The Zig -- or Zag? -- Portfolio, Part 2
By Michael Kaye, CFA
In our last screen, we sorted for those companies with S&P's top investment ranking of 5 STARS (buy) but that carried significantly lower opinions, on average, from other investment research outfits. This week, we'll examine the flip side: Stocks with S&P's lowest investment opinion that feature a higher average rating from the rest of Wall Street.
We started with the stocks that carry the lowest investment ranking in Standard & Poor's Stock Appreciation Ranking System (STARS), a qualitative system based on fundamental research conducted by S&P's own analysts. Stocks ranked 1 STARS (sell) are expected by S&P analysts to underperform the broader market over the next 6 to 12 months.
The 1-STARS designation has been a good predictor of underperformance over the years.
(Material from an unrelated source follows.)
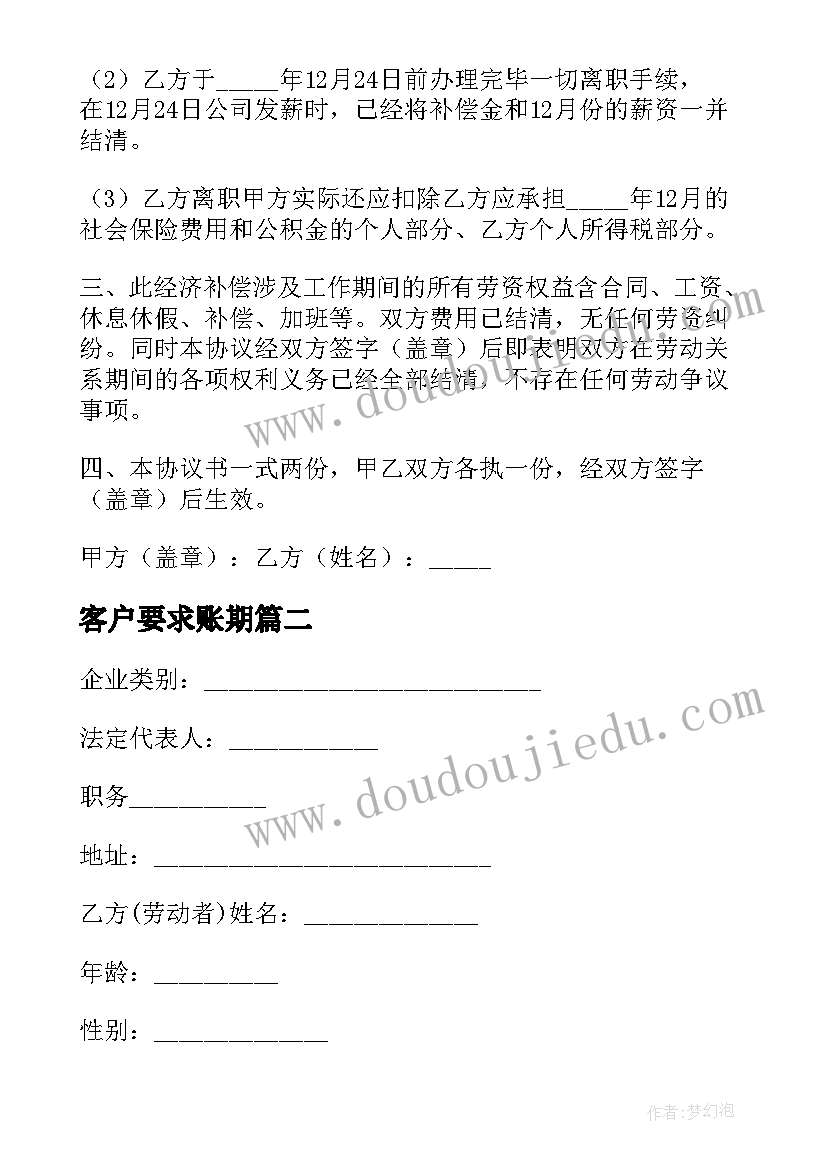 2023年客户要求账期 签订被裁员合同(优质10篇)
Since its inception December 31, 1986, through August 29, 2003, the S&P 1-STARS portfolio has posted a cumulative decline of 23.46%, while the S&P 500-stock index has gained 316.25%.
From the 1-STARS list, we sifted for those names carrying significantly higher opinions from other investment research outfits. Based on data from research provider I/B/E/S, they had to carry an average opinion from the rest of Wall Street equivalent to, or higher than, S&P's 4-STARS, or accumulate, ranking. That indicates that analysts expect a stock to outperform the overall market over the next 6 to 12 months. Each stock had to be covered by at least five outside analysts.
Of course, differences in stock ratings may not arise from disagreement on the prospects for the company's business -- or its future viability -- but rather the stock's valuation. Those analysts who assign higher rankings may believe that the stock in question has greater room for further price appreciation.